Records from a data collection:
★ ★ ★ ★ ★
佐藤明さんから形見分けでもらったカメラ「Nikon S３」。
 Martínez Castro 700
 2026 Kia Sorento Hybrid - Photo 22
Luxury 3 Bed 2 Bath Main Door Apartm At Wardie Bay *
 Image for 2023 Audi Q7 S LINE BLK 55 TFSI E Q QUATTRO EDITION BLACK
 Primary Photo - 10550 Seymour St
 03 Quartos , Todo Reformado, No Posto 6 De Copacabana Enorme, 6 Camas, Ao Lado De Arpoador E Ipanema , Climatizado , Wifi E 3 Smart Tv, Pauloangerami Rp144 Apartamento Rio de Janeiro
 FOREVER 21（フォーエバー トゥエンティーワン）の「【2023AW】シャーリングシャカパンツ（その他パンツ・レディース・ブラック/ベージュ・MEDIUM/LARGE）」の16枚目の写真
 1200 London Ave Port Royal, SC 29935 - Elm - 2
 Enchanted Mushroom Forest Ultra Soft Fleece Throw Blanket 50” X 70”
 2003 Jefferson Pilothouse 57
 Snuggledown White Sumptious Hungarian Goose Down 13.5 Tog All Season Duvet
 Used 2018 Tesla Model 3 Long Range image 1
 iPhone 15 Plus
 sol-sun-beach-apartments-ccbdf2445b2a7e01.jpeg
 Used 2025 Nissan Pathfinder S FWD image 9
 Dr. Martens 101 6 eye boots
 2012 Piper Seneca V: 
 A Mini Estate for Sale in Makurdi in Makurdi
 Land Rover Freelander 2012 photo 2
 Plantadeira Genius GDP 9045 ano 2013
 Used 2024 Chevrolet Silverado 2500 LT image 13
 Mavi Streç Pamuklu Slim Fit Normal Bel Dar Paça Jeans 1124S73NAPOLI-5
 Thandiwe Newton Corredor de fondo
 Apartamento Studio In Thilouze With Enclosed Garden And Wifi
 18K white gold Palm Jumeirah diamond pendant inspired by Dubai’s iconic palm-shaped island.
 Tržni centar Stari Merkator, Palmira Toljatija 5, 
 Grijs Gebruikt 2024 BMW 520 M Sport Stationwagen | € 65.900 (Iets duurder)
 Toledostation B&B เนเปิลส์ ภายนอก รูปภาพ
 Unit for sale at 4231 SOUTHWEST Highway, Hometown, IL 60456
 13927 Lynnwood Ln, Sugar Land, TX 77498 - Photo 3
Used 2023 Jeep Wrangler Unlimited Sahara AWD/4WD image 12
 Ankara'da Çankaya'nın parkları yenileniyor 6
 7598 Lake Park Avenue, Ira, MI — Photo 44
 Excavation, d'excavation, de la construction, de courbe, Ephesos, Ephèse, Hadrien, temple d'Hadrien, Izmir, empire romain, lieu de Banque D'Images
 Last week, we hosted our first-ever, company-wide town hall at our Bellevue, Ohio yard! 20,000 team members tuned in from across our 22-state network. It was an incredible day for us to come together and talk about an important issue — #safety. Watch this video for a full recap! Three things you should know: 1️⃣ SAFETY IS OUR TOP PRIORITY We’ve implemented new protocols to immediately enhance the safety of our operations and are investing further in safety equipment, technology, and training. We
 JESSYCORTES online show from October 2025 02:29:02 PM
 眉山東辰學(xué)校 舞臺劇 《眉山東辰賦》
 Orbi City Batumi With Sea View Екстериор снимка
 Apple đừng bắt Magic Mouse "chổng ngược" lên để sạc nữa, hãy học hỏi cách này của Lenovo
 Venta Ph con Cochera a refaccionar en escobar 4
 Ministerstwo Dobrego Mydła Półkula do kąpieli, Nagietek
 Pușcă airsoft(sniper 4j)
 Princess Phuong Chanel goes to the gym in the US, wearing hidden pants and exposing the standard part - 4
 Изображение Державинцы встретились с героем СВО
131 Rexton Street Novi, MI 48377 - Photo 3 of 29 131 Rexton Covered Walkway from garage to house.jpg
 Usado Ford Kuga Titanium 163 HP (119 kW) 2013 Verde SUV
★ ★ ★ ★ ★
▸ WHAT TO PRODUCE: Quote only the stretch of lines that starts the data above and ends with the line containing "Enchanted Mushroom Forest", both included.

▸ REPLY TO THE EXERCISE:
佐藤明さんから形見分けでもらったカメラ「Nikon S３」。
 Martínez Castro 700
 2026 Kia Sorento Hybrid - Photo 22
Luxury 3 Bed 2 Bath Main Door Apartm At Wardie Bay *
 Image for 2023 Audi Q7 S LINE BLK 55 TFSI E Q QUATTRO EDITION BLACK
 Primary Photo - 10550 Seymour St
 03 Quartos , Todo Reformado, No Posto 6 De Copacabana Enorme, 6 Camas, Ao Lado De Arpoador E Ipanema , Climatizado , Wifi E 3 Smart Tv, Pauloangerami Rp144 Apartamento Rio de Janeiro
 FOREVER 21（フォーエバー トゥエンティーワン）の「【2023AW】シャーリングシャカパンツ（その他パンツ・レディース・ブラック/ベージュ・MEDIUM/LARGE）」の16枚目の写真
 1200 London Ave Port Royal, SC 29935 - Elm - 2
 Enchanted Mushroom Forest Ultra Soft Fleece Throw Blanket 50” X 70”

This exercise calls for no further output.